***** Information provided *****

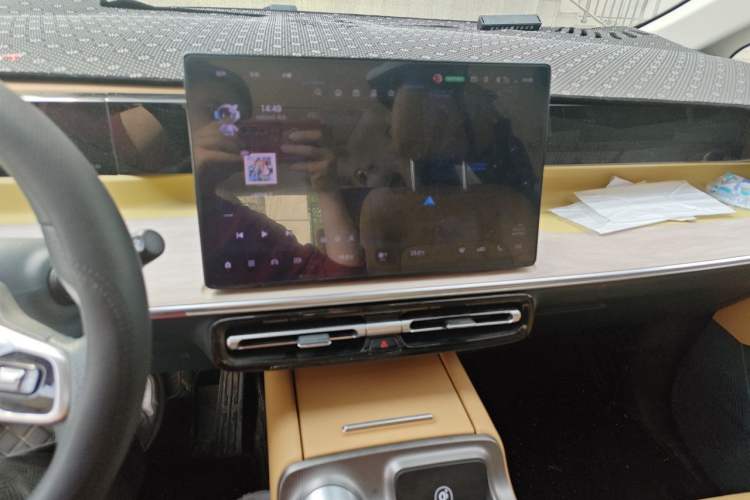 Used GAC Trumpchi E8 New Energy 2024 150km MAX Audio And AC Panel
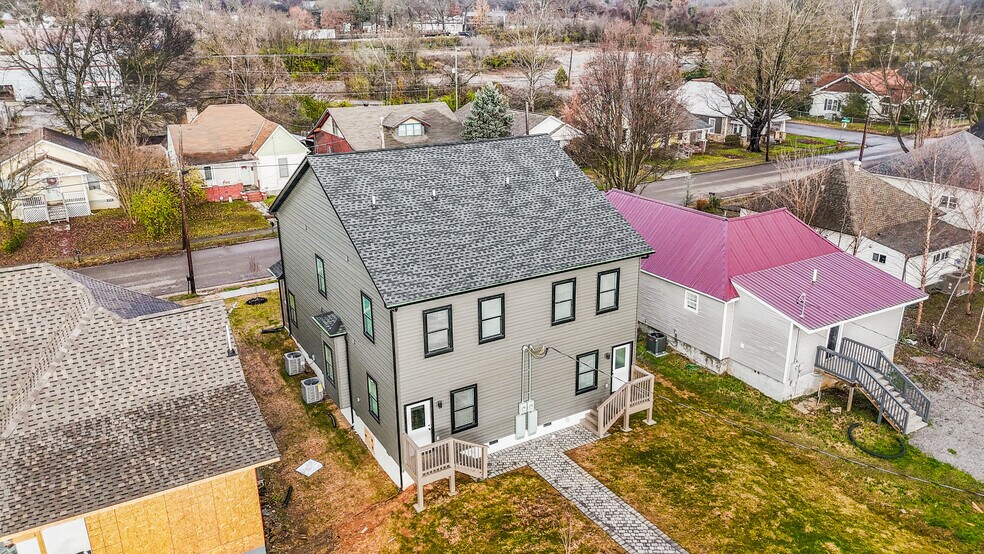 Building Photo - 212 E Morelia Ave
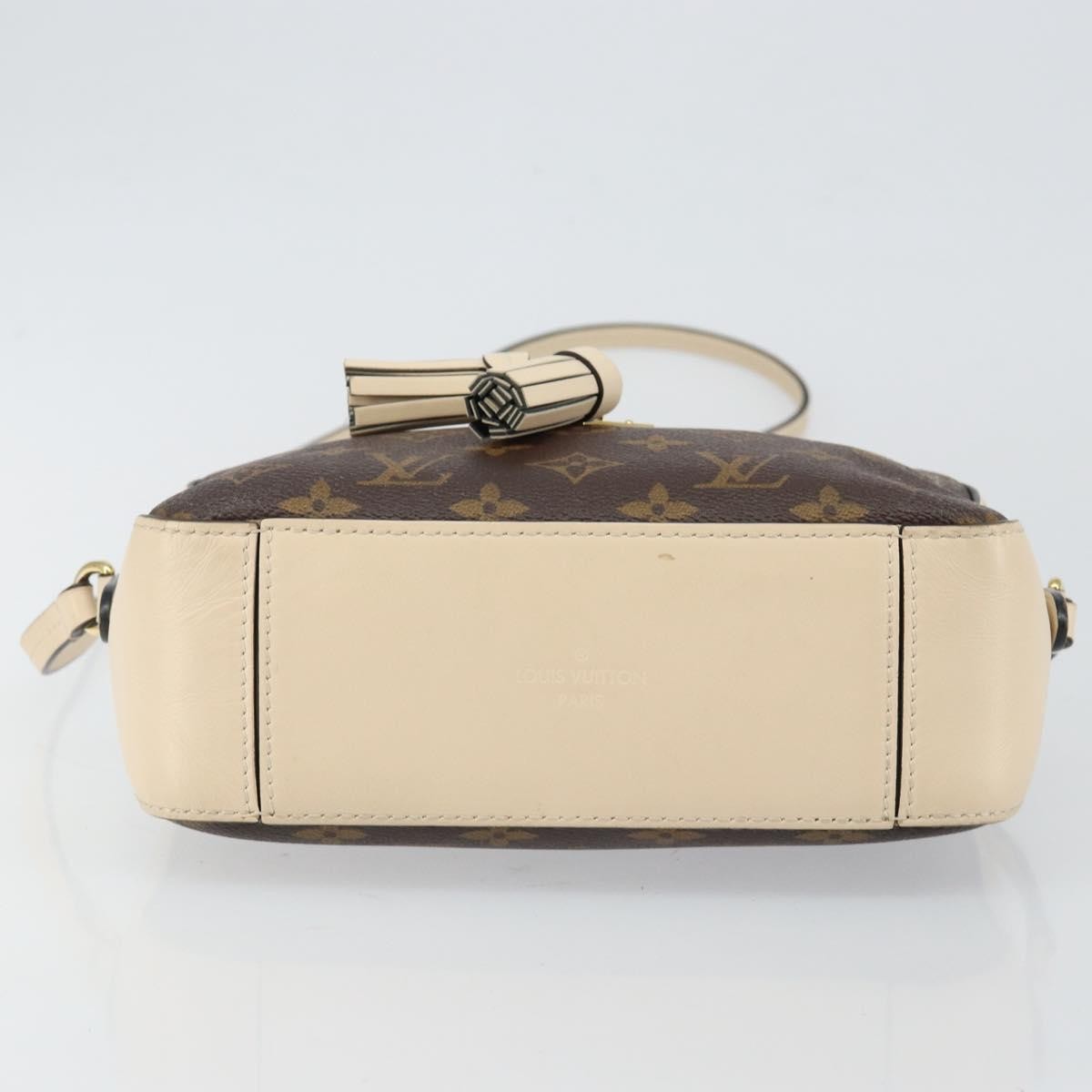 Louis Vuitton Saintonge Handbag Monogram Canvas with Leather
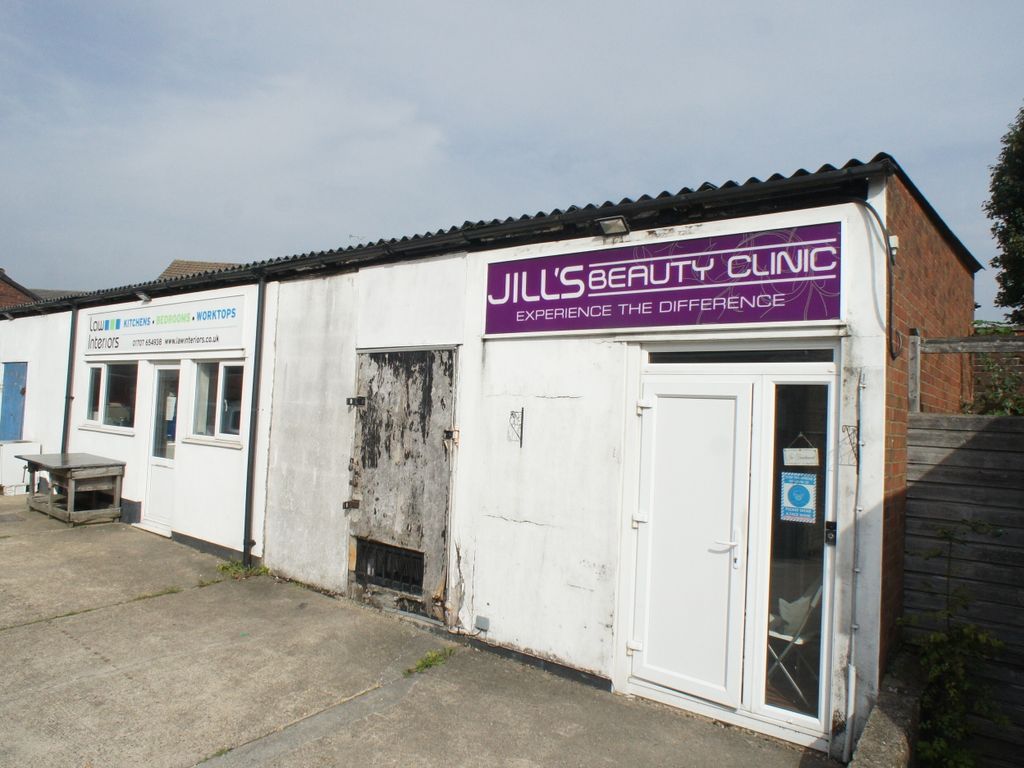 Light industrial for sale in Road, Potters Bar EN6, Sale by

*****

Exercise brief: From the first line to the last, retype the data above exactly, but not its images.

Finished task:
 Used GAC Trumpchi E8 New Energy 2024 150km MAX Audio And AC Panel
 Building Photo - 212 E Morelia Ave
 Louis Vuitton Saintonge Handbag Monogram Canvas with Leather
 Light industrial for sale in Road, Potters Bar EN6, Sale by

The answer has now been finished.